Work task: Print every line of the listing below, starting with the line that holds "Modern Bathroom" and going on through the line that holds "205 E 4800 S, Murray, UT 84107 - Photo 9", both included, and print nothing else.

Records shown:
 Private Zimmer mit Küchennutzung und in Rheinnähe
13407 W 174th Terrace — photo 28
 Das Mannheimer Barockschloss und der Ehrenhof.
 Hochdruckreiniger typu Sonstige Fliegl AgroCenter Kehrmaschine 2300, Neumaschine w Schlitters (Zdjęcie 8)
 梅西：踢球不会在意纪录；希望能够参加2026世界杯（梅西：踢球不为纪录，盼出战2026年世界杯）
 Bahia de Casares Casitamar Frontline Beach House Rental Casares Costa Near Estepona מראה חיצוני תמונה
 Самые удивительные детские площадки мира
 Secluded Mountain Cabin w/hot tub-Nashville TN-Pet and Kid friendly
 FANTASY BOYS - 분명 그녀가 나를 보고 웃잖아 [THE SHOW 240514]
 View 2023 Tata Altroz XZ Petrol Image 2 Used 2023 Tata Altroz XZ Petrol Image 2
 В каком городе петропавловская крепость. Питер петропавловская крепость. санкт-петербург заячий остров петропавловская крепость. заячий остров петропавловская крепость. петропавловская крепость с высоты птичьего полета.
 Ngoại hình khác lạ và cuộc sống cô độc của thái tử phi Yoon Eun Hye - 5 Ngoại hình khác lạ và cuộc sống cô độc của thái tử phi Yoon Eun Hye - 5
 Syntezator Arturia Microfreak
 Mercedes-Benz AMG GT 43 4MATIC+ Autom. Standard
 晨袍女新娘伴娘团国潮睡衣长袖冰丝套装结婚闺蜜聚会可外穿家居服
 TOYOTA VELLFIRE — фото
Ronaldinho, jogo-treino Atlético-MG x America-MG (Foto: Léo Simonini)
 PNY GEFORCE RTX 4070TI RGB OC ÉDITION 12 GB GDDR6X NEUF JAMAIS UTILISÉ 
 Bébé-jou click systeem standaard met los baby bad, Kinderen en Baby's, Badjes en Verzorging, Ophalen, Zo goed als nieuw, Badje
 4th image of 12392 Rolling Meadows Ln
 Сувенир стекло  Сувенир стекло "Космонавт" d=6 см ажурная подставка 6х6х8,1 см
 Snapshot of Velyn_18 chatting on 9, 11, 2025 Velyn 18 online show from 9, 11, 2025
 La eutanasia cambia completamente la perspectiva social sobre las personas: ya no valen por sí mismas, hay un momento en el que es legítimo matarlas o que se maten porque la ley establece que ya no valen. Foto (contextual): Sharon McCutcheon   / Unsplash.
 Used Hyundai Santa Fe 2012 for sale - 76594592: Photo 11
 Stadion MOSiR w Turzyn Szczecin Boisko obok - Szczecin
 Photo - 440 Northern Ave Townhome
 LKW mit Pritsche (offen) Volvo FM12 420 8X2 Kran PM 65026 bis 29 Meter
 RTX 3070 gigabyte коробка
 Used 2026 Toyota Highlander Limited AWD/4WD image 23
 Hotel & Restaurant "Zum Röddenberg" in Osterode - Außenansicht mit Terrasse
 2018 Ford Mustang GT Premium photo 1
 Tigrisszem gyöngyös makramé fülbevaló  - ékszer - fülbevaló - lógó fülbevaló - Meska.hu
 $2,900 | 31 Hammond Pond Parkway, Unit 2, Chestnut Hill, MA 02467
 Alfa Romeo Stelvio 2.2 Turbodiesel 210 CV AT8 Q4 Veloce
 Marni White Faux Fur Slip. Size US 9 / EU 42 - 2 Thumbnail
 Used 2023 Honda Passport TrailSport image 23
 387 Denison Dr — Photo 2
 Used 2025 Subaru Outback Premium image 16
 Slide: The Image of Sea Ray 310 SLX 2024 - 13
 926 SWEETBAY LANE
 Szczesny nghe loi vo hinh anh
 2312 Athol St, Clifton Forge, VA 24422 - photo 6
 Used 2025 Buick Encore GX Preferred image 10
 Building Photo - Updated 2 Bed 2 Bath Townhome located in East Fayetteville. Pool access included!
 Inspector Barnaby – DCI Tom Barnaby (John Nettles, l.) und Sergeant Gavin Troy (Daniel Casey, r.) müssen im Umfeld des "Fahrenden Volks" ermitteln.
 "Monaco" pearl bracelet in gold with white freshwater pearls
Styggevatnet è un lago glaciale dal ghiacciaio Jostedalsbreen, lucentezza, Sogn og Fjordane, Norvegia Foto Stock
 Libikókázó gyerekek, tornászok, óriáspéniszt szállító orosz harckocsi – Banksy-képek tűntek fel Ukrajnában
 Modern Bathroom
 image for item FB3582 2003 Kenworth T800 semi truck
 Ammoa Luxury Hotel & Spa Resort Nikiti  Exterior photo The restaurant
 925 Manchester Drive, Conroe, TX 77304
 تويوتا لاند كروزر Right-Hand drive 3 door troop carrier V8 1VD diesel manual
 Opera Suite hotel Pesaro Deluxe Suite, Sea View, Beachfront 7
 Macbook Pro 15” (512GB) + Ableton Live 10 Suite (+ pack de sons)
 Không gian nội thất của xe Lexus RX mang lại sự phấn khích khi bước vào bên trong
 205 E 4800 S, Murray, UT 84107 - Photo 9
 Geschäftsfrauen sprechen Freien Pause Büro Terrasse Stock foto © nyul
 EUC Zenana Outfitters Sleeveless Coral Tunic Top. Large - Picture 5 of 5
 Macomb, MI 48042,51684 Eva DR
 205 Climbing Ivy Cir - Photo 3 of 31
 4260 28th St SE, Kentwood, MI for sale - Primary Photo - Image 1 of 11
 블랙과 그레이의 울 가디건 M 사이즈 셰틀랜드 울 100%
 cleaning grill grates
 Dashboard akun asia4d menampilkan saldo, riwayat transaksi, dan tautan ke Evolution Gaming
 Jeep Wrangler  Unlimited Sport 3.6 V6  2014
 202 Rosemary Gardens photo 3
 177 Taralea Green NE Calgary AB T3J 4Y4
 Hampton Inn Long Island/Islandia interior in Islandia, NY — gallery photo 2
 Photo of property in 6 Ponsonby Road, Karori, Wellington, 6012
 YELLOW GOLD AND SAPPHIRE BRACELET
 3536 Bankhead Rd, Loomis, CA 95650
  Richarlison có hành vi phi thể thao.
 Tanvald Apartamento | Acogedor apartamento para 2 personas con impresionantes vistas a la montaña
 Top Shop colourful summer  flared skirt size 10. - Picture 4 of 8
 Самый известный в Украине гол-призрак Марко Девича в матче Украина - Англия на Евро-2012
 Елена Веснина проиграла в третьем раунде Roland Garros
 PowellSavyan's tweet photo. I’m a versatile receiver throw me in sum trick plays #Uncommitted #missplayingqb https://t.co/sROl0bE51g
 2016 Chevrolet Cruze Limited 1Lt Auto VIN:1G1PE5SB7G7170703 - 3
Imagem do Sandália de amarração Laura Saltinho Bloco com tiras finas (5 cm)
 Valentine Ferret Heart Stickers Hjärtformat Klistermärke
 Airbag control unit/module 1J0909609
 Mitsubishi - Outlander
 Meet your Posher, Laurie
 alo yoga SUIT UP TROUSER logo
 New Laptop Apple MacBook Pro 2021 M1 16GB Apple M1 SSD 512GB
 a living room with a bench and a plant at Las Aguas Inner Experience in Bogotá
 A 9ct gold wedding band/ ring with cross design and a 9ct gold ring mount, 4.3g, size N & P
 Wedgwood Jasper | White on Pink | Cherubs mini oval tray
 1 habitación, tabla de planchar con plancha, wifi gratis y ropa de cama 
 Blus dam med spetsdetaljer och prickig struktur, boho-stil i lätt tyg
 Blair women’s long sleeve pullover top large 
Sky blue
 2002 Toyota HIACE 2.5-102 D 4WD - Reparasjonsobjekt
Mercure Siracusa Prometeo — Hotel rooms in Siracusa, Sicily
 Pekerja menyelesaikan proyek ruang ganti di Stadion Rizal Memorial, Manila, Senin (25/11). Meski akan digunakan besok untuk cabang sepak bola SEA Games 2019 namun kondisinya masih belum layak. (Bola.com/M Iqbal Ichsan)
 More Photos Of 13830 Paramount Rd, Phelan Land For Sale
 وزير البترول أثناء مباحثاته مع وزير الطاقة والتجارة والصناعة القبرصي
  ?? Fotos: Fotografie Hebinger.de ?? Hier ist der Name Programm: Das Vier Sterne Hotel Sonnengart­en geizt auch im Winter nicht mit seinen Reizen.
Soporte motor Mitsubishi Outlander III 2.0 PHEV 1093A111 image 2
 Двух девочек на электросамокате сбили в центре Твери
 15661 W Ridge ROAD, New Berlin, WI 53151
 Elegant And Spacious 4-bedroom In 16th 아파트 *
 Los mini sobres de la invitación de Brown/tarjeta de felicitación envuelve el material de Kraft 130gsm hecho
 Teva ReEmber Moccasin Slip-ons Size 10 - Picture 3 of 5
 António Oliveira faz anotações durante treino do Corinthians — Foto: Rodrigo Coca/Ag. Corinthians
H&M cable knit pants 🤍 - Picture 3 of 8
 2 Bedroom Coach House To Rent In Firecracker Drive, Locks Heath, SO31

Completed exercise:
 Modern Bathroom
 image for item FB3582 2003 Kenworth T800 semi truck
 Ammoa Luxury Hotel & Spa Resort Nikiti  Exterior photo The restaurant
 925 Manchester Drive, Conroe, TX 77304
 تويوتا لاند كروزر Right-Hand drive 3 door troop carrier V8 1VD diesel manual
 Opera Suite hotel Pesaro Deluxe Suite, Sea View, Beachfront 7
 Macbook Pro 15” (512GB) + Ableton Live 10 Suite (+ pack de sons)
 Không gian nội thất của xe Lexus RX mang lại sự phấn khích khi bước vào bên trong
 205 E 4800 S, Murray, UT 84107 - Photo 9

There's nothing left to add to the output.